SENSE of direction has been traced to a nerve cell in the brain that acts like an in-built GPS.
The “grid cell” keeps track of multiple co-ordinates on an internal map and helps the brain to navigate without landmarks.
Although previously identified in rats, bats and monkeys, scientists now have compelling evidence that grid cells also exist in humans. They may even play a bigger role in the human brain than in rodents.
The discovery arose from a study of patients with electrodes placed deep in their brains as part of a radical epilepsy treatment.
Recordings of electrical signals from the implants revealed patterns of grid cell activity as the patients played a computer game that involved riding bicycles in an open virtual landscape.
Grid cells provide a system of navigation called “path integration” which tracks distances and turns. It helps us sense how far we have travelled from a starting point, or last change in direction.
“Each grid cell responds at multiple spatial locations that are arranged in the shape of a grid,” said study leader Dr Joshua Jacobs, from Drexel University in Philadelphia, US. “This triangular grid pattern thus appears to be a brain pattern that plays a fundamental role in navigation.

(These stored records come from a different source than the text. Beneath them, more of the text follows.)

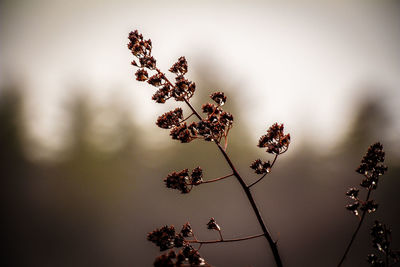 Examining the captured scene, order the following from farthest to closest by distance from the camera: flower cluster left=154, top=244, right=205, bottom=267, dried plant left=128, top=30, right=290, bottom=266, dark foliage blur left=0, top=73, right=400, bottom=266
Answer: dark foliage blur left=0, top=73, right=400, bottom=266, dried plant left=128, top=30, right=290, bottom=266, flower cluster left=154, top=244, right=205, bottom=267

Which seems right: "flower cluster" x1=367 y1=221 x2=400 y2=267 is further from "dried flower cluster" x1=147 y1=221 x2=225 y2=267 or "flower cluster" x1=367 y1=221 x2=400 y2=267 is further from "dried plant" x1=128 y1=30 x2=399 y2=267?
"dried flower cluster" x1=147 y1=221 x2=225 y2=267

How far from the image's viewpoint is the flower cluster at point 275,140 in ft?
5.48

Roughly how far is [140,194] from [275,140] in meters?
24.6

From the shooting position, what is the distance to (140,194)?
961 inches

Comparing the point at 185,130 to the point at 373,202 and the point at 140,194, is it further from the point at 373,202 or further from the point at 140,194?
the point at 140,194

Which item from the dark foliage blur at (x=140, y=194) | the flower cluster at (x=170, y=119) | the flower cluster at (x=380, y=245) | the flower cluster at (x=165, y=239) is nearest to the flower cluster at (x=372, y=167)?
the flower cluster at (x=380, y=245)

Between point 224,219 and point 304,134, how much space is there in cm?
1314

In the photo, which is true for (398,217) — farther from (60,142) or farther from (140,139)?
(60,142)

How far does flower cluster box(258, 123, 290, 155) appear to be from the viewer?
1.67 m

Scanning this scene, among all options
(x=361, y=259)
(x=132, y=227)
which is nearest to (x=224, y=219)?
(x=132, y=227)

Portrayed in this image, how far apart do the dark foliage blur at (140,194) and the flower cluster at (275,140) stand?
18.8m

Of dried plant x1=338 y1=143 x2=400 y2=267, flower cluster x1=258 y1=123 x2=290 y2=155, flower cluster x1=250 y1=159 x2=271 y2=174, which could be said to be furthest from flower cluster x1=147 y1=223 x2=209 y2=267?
dried plant x1=338 y1=143 x2=400 y2=267

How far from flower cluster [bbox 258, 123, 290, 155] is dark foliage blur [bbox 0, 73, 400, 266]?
742 inches

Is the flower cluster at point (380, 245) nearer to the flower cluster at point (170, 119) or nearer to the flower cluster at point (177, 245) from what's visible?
the flower cluster at point (177, 245) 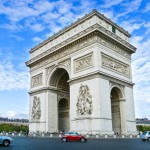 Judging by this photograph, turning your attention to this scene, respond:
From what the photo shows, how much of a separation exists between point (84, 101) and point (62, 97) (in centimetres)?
960

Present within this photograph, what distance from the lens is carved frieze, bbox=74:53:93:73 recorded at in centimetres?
3002

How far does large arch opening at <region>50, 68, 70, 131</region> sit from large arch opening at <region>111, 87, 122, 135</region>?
8663 millimetres

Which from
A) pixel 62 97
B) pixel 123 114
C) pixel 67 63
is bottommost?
pixel 123 114

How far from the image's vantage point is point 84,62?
30.8m

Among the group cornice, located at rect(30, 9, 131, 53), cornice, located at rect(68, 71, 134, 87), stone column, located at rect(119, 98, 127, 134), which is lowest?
stone column, located at rect(119, 98, 127, 134)

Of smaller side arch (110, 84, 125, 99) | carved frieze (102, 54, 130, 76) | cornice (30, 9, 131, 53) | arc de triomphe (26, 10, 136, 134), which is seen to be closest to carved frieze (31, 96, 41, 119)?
arc de triomphe (26, 10, 136, 134)

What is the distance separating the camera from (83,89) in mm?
30031

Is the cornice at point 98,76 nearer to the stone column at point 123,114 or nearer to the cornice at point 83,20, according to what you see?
the stone column at point 123,114

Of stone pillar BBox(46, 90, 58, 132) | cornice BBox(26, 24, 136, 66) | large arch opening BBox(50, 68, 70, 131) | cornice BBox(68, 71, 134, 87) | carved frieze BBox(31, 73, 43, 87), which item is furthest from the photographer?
carved frieze BBox(31, 73, 43, 87)

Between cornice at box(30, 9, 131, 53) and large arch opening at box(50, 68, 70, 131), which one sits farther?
large arch opening at box(50, 68, 70, 131)

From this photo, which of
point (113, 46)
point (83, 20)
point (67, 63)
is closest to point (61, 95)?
point (67, 63)

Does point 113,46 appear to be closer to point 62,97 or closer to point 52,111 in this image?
point 62,97

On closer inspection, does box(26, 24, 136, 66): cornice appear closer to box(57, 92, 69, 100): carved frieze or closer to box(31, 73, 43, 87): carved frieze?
box(31, 73, 43, 87): carved frieze

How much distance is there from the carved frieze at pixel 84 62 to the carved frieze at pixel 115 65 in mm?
1577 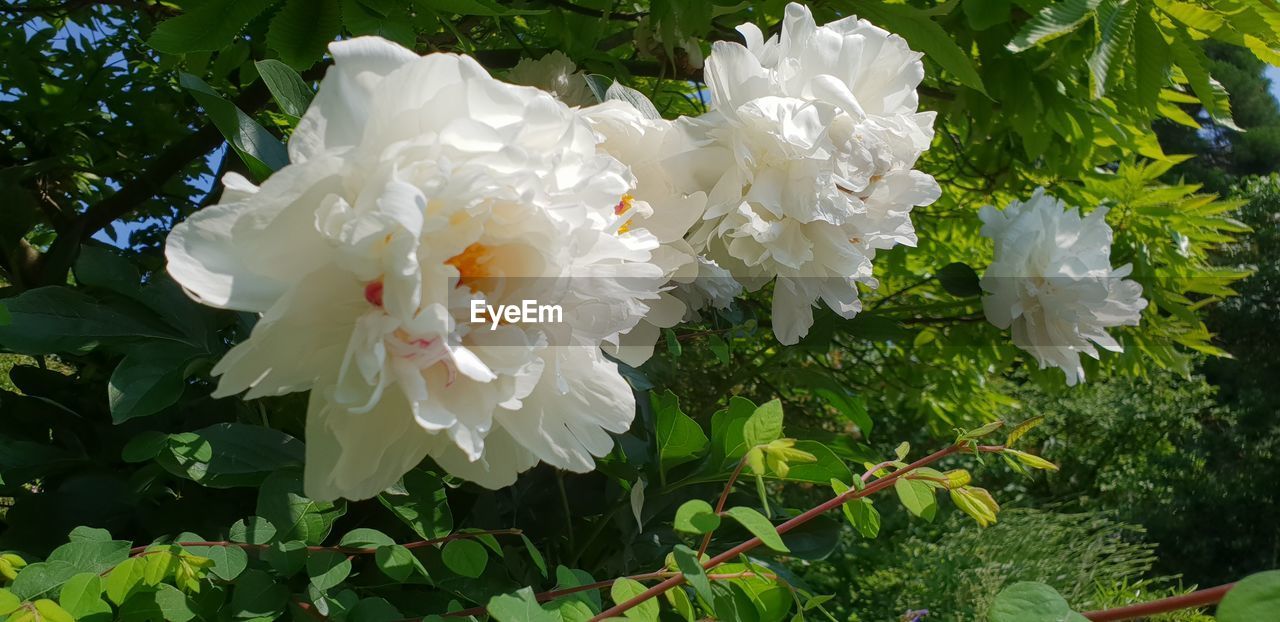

“Without grid cells, it is likely that humans would frequently get lost or have to navigate based only on landmarks.
“Grid cells are thus critical for maintaining a sense of location in an environment.”
Fourteen epilepsy patients in hospital took part in the study, reported in the journal Nature Neuroscience.
They used joysticks attached to bedside laptops to steer their virtual bicycles across a large square arena overlooked by a range of mountains.
The patients were first asked to navigate to four clearly visible objects.
Then the exercise was repeated, but this time the objects remained invisible until they were located. The volunteers had to find their way back to each object in turn, in random order.
Finally, they were asked to ride directly from one object to another. Again, the objects were made invisible until their locations were reached.
At the same time, electrical nerve signal “spikes” were recorded from the epilepsy implants.
Evidence of grid cells was mostly seen in two brain regions, the entorhinal cortex and cingulate cortex.
Significant numbers of grid-like neurons were also identified in the hippocampus, which plays a central role in memory.
The findings suggest that humans might have more grid cells than rodents, according to the scientists.
The entorhinal cortex is one of the first brain areas to be affected by Alzheimer’s disease.